Jaden Smith in skirts for various campaigns
(image credits to youtube.com)
Fashion has been crossing these lines for years and we have seen genders appropriating opposing styles since the ‘30s when menswear came into fashion for women during wartime years. But showing these both gender’s lines together truly allowed us to consider the distinct differences (or lack thereof) between the two. Materials and fabrics are the same, cuts are uncannily similar, and accessories are fluid. Many designers are also choosing to show these collections using androgynous models, further blurring the line between male and female.
Raf Simons puts this androgyny to great use as he was the first to have a combined men and women’s show for Calvin Klein. As Simons began as a designer of men’s fashions, he used that knowledge and incorporated previous stylistic choices into creating clothing for both genders with feminine edges.
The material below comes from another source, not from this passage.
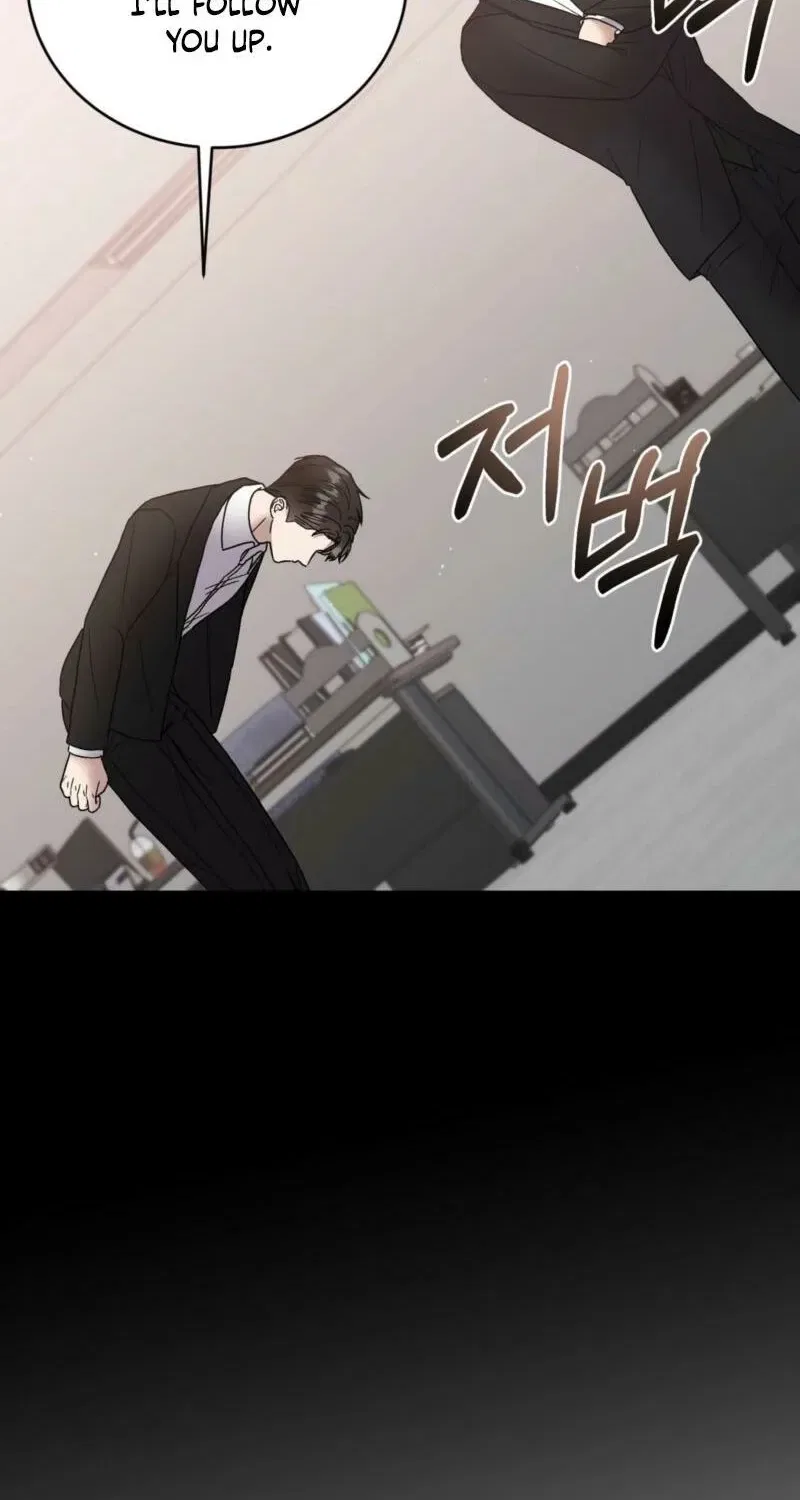 Delusional Romance Is a Bad Idea Chapter 12 – Page 29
Men and women were both in suits with blazers, sheer tops exposing nipples, and varsity stripe motifs.
Raf Simons Calvin Klein Collection F/W 2017
(photo credit to elle.com)
Simons is one of the many designers using the runway to freely express the fact that men’s and women’s clothes can be interchangeable, but some designers are taking it to the next level and creating fully genderless designs. Offering a place in the industry for those who don’t find themselves confined by gender or simply do not want to abide by the norms, these labels have paved the way for this movement and have even prompted the Council of Fashion Designers of America to add a “unisex/non-binary” category to the NYFW calendar.
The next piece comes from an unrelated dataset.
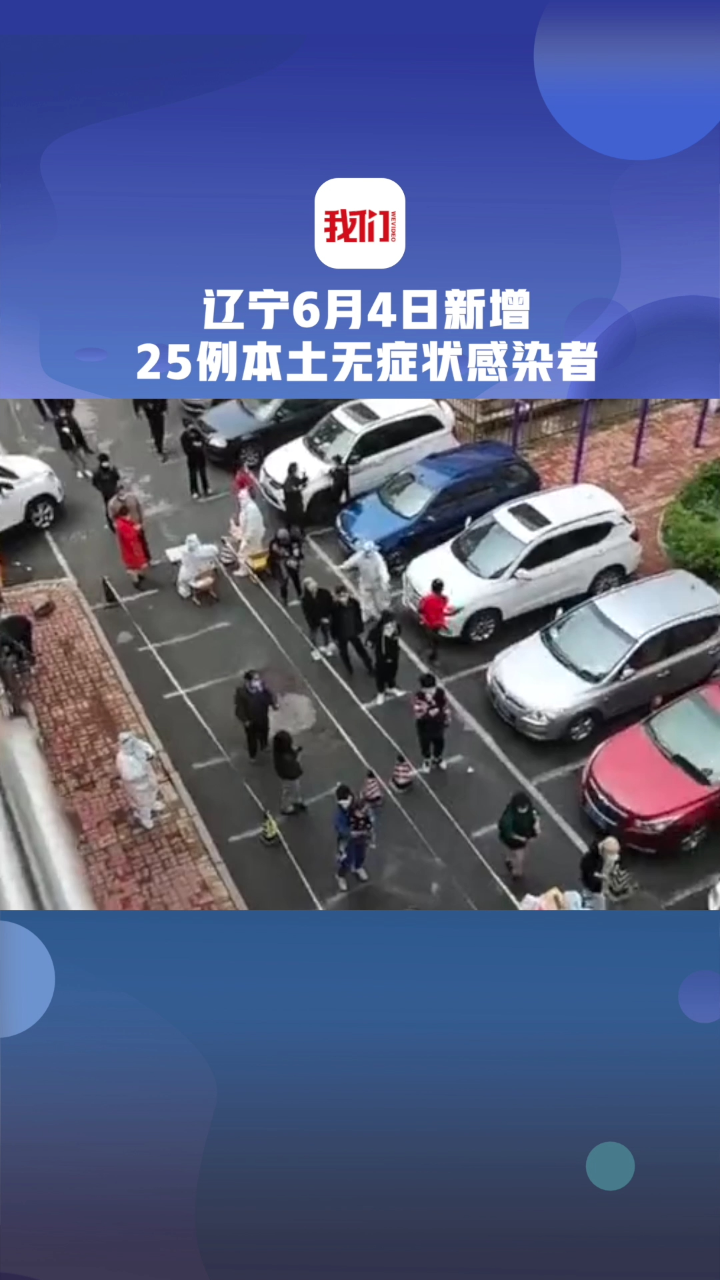“沈阳新增3例本土确诊病例” 沈阳新冠肺炎疫情？-第1张图片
One of these labels in particular is blurring these lines in a big way; Becca McCharen- Tran and her swimwear brand Chromat are aiming to make shopping less alienating by not using exclusionary language in regards to gender, making everyone feel welcome. She knows that being in a swimsuit can make one feel vulnerable, and wants to be sure that her brand has plenty of options for people from all walks of life, allowing them feel empowered in one of their pieces. The Phluid Project is also a game changer in retail space; Rob Smith recognizes that it is not a comfortable experience for those who want to shop in departments that don’t fit their appeared gender and began this project to combat that. He created the shop as a space for people who want to view fashion in a safe environment, exploring boundaries. He wants to eliminate gender expression and the concept that fashion or makeup should define your gender as he feels the practice is outdated.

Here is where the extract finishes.